Alla fine, ciò che resta è un’immagine potente e memorabile: Roma, città di pietra e di parole, regina delle bugie e delle verità costruite. Come un grande attore sul palcoscenico della storia, ha insegnato che il mito può dominare la realtà, che la menzogna può forgiare destini, che il racconto può sostituire l’esperienza. Le fake news non sono altro che la lunga ombra della sua eredità: ogni volta che il potere trasforma la storia, Roma vive ancora, tra le pieghe della memoria e i sussurri della propaganda.

Fonti storiche primarie antiche (traduzioni ufficiali inglesi):

  • Virgilio, “Eneide”, trad. H.R. Fairclough, Loeb Classical Library.
  • Tito Livio, “Ab Urbe Condita”, trad. B.O. Foster, Loeb Classical Library.
  • Cicerone, “Epistulae ad Atticum”, trad. E.O. Winstedt, Loeb Classical Library.
  • Sallustio, “Bellum Catilinae”, trad. J.C. Rolfe, Loeb Classical Library.
  • Giulio Cesare, “De Bello Gallico”, trad. H.J. Edwards, Loeb Classical Library.
  • Suetonio, “De Vita Caesarum”, trad. J.C. Rolfe, Loeb Classical Library.
  • Tacito, “Annales”, trad. J. Jackson, Loeb Classical Library.
  • Dio Cassio, “Roman History”, trad. E. Cary, Loeb Classical Library.

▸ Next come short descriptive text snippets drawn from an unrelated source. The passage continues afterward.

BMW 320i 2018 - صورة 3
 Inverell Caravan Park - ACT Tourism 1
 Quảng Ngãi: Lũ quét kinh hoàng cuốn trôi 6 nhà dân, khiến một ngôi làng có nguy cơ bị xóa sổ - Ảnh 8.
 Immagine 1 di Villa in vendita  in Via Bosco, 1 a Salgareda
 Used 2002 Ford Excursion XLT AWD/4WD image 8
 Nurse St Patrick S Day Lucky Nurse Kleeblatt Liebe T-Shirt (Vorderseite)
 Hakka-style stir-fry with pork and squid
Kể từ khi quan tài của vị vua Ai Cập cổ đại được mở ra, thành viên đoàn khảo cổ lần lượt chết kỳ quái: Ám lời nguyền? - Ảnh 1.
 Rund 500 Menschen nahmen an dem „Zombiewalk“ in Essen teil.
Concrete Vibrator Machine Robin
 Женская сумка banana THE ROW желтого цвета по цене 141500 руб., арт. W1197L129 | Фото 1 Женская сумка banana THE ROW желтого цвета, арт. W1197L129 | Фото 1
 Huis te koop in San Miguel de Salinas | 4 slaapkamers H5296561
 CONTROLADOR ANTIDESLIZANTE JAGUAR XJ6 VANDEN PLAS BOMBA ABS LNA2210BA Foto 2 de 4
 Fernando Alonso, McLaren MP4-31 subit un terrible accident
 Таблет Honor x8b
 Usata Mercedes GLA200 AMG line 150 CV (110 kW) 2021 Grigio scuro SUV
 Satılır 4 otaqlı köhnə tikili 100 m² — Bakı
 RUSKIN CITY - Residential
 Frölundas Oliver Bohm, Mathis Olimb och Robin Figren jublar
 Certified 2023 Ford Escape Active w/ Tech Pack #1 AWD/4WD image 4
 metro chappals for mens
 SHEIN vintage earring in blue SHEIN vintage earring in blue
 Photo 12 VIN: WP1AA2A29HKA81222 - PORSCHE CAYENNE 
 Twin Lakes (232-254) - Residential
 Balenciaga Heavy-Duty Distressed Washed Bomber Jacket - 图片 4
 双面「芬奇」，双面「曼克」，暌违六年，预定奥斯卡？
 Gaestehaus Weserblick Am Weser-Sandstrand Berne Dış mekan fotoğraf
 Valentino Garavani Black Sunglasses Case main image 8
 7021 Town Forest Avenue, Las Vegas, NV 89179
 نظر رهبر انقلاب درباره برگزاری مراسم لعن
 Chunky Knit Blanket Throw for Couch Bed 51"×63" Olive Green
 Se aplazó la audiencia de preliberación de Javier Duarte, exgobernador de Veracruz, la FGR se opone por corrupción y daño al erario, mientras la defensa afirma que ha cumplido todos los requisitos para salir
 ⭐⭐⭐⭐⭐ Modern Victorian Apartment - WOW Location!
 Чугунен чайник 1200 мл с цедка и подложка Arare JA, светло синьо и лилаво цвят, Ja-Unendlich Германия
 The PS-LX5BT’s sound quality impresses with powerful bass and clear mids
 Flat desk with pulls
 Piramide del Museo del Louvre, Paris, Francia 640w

  • Appiano, “Roman History”, trad. H. White, Loeb Classical Library.
  • Plinio il Giovane, “Epistulae”, trad. W.M. Hutchinson, Loeb Classical Library.
  • Ovidio, “Metamorfosi”, trad. F.J. Miller, Loeb Classical Library.
  • Marziale, “Epigrammi”, trad. W.C. Ker, Loeb Classical Library.
  • Seneca, “Epistulae Morales ad Lucilium”, trad. R.M. Gummere, Loeb Classical Library.
  • Marco Aurelio, “Meditazioni”, trad. G. Hays, Loeb Classical Library.
  • Frontino, “Strategemata”, trad. C.E. Bennett, Loeb Classical Library.